Please copy each line from the entries that contains the string "Leather".
Top of SUPPLIED DATA
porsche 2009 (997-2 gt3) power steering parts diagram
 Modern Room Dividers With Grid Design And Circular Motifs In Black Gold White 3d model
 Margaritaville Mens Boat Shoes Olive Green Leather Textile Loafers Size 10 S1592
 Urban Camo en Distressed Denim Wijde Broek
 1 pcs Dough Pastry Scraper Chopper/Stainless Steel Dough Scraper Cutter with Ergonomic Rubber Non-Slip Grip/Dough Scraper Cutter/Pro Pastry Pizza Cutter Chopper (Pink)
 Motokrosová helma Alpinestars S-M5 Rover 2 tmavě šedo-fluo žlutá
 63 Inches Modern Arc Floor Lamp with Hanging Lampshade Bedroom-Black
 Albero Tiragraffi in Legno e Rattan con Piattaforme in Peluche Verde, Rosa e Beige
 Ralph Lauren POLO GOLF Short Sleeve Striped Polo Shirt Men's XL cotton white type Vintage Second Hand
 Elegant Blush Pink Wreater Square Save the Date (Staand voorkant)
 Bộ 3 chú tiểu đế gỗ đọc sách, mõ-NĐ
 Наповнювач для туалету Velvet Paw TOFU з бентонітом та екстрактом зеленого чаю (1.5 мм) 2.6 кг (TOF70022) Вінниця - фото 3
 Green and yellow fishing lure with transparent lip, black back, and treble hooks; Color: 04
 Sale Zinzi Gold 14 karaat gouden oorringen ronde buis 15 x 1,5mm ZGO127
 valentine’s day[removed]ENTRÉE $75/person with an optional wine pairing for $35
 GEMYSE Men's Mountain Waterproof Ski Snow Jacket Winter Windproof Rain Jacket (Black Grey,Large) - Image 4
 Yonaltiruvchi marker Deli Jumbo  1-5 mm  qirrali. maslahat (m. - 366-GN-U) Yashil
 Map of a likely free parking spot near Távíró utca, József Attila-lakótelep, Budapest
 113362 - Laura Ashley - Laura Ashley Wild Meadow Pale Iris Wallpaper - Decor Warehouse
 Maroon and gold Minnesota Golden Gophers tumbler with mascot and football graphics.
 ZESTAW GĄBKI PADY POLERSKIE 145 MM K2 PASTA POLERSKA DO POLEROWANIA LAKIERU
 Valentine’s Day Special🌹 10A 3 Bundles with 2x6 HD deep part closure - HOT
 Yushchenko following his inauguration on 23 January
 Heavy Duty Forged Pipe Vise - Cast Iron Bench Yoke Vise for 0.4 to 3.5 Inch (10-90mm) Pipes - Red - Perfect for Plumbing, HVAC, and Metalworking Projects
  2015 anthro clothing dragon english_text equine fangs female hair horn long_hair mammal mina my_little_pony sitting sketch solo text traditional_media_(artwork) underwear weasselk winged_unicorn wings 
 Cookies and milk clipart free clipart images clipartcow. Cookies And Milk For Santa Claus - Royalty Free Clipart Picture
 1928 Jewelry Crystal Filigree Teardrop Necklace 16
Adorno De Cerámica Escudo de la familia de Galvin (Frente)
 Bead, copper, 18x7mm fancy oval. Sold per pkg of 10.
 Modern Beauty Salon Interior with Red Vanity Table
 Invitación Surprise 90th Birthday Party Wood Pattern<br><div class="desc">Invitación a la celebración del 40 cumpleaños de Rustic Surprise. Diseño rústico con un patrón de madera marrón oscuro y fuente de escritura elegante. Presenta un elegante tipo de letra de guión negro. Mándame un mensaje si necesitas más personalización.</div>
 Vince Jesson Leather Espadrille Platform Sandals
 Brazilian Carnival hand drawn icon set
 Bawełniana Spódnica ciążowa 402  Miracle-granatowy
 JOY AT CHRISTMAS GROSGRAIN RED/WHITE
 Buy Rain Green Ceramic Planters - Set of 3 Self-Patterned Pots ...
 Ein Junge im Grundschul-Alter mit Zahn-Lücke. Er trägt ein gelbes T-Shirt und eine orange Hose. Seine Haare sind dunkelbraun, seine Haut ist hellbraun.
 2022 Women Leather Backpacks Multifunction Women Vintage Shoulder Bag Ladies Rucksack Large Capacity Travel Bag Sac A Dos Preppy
Bottom of SUPPLIED DATA
## [FINISHED EXERCISE]
 Margaritaville Mens Boat Shoes Olive Green Leather Textile Loafers Size 10 S1592
 Vince Jesson Leather Espadrille Platform Sandals
 2022 Women Leather Backpacks Multifunction Women Vintage Shoulder Bag Ladies Rucksack Large Capacity Travel Bag Sac A Dos Preppy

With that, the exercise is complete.